Beauty is in the eye of the beholder, and so is whether or not you’re going to enjoy Bad Boys: Ride or Die, the fourth entry into the Bad Boys franchise starring Will Smith and Martin Lawrence as a pair of wise-cracking but tough Miami detectives. 

 

Ride or Die is a direct sequel to 2020’s Bad Boys for Life, a film that I have absolutely no memory of yet definitely saw, which makes the first few minutes of Ride or Die somewhat confusing as I did not remember who anyone was. But then, Ride or Die isn’t about characters, it’s about style and vibes and comedy, and if you’re willing to abandon yourself to that, it’s a good enough time.

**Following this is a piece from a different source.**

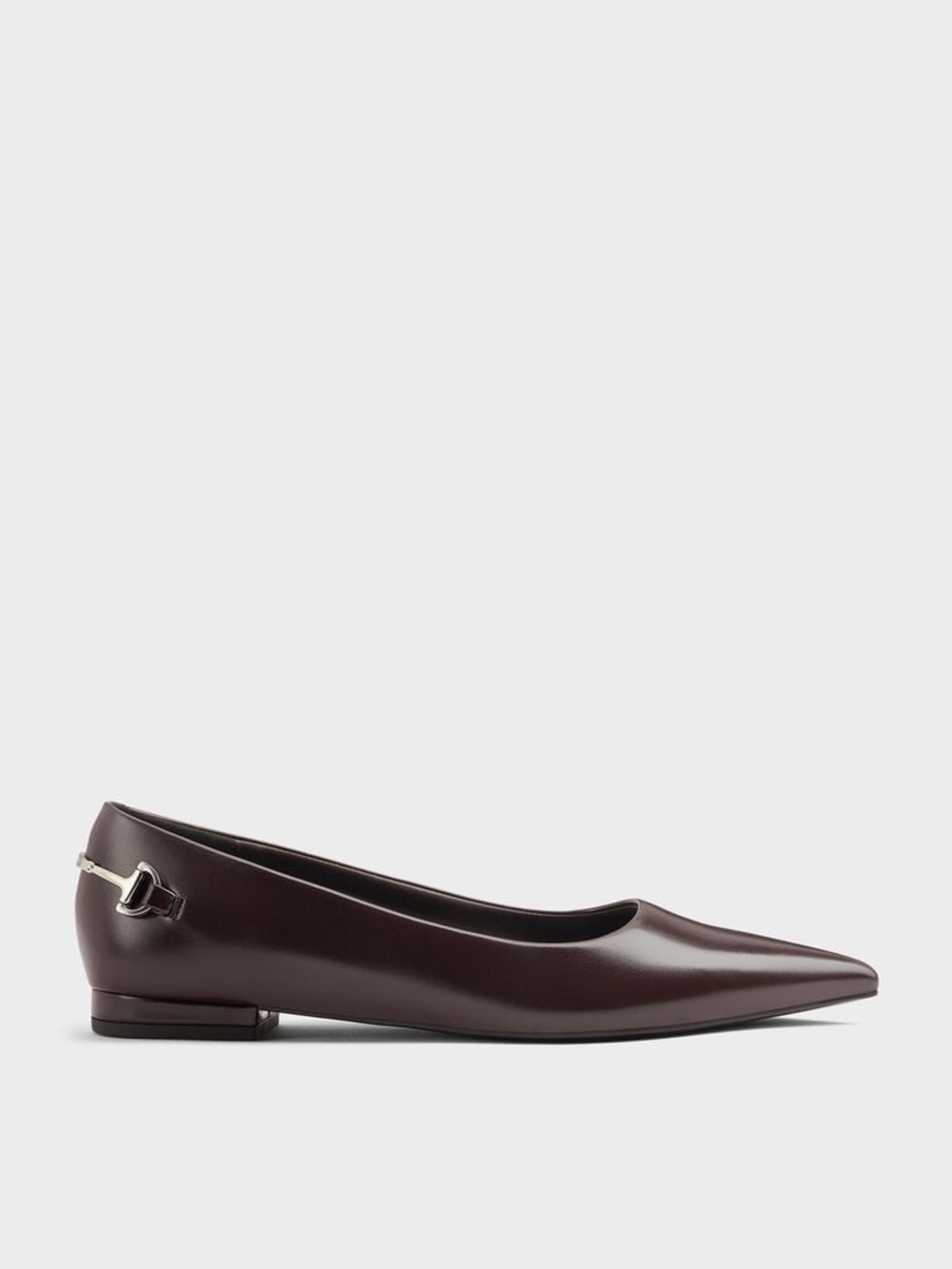 Charles & Keith Erinna Metallic-Accent Pointed Flats - Burgundy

If you are not a Bad Boys fan willing to be carried on shootouts and the combined charisma of Will Smith and Martin Lawrence, though, Ride or Die is tedious, the “old man” jokes of the previous film quickly become tired, and a reference to Will Smith’s “slap” meltdown at the Oscars seems in even poorer taste combined with the intimation that “bad boys” don’t suffer from anxiety and panic attacks. These later additions to the franchise cling to Michael Bay’s hypermasculine characterizations but lack his sense of irony to undercut the glorification of violence and manly men defeating everyone and everything with the power of testosterone.

 

Bad Boys for Life directors Adil & Bilall return with their copious bag of visual tricks, incorporating everything from pans homaging Bay’s famous style to videogame influenced first-person perspective, to drone shots, to an admittedly great John Wick reference. A running joke(?) shows supercops Marcus Burnett (Lawrence) and Mike Lowrey (Smith) dismissing and disrespecting Marcus’s son-in-law, Reggie (Dennis Greene), a Marine home on leave. To Mike and Marcus, Reggie is straitlaced and boring, but when push comes to shove, he has skills Mike and Marcus can only dream of. It’s a good bit, with a solid setup and follow-through.

 

Much of the humor amounts to nothing more than Lawrence and Smith shouting at each other about how old they’re getting, or poking fun at Mike’s newly developed panic attacks. Lawrence and Smith do have such great chemistry, that again, if you just surrender to the tide, it will carry you on the dumb-fun wave of Ride or Die. The relaunched version of Bad Boys continues to feel like a Fast/Furious knock-off (even though the original Bad Boys predates The Fast and the Furious by six years). Family is tantamount, and everyone is literally related. The convict Mike and Marcus need to clear their names is Mike’s estranged son, the US Marshal hunting Mike and Marcus is the daughter of their late police captain, everyone’s ex is somehow connected to a villain.

 

Oh yeah, the plot of Ride or Die involves Mike and Marcus, along with their deceased captain played by Joe Pantoliano, being framed, as all cop franchises inevitably do. Does anyone watch these movies for the plot, though? As with Fast/Furious, I suspect not.

Adil & Bilall are not bad directors, but their frantic visual style added to the literally high-volume antics of Smith and Lawrence quickly turns Ride or Die into an exhausting experience. It feels less balanced than Bad Boys for Life, which is saying something because that film barely has a functioning structure of story and character development. But it at least tries to push the characters of Mike and Marcus into new territory, Ride or Die simply treads water, coasting on the audience’s rapport with Smith and Lawrence to sell the bit. 

 

Ride or Die kind of feels like if Danson and Highsmith, the parodical supercop characters from The Other Guys, got an entire movie of their own. Fans of Bad Boys, fans of Smith and Lawrence, and fans of Adil & Bilall will likely find plenty to like in these proceedings, but everyone else will be left in the cold. Of course, by the fourth entry, franchises are rarely trying to lure new fans, just play to the existing ones, so in that regard Bad Boys: Ride or Die is, well, ride or die with its fanbase. 

Bad Boys: Ride or Die is now playing exclusively in theaters.